■ **Problem to work on**:
Repeat only the lines between the one with "ank_lab_loosediamond_pear_00-98_vvs1_d_3e05288b1709" and the end of the material below, both ends included. Omit any picture.

### Available data

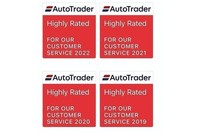 2015 Hyundai i40 1.7 CRDi [115] Blue Drive S 5dr ESTATE DIESEL Manual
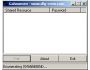 Gahnomen 1.5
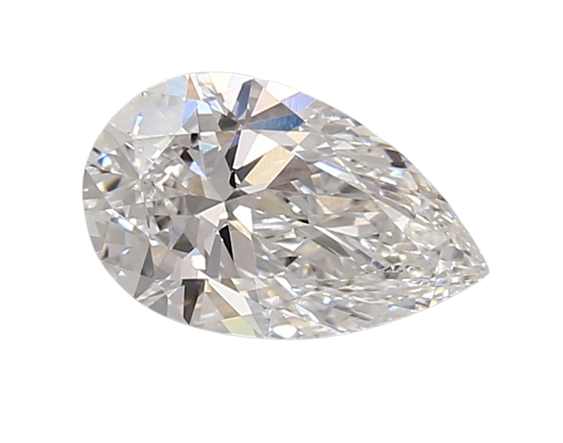 ank_lab_loosediamond_pear_00-98_vvs1_d_3e05288b1709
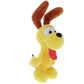 Garfield 8'' Plush Odie - Inspire Newquay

######

■ **Your solution**:
 ank_lab_loosediamond_pear_00-98_vvs1_d_3e05288b1709
 Garfield 8'' Plush Odie - Inspire Newquay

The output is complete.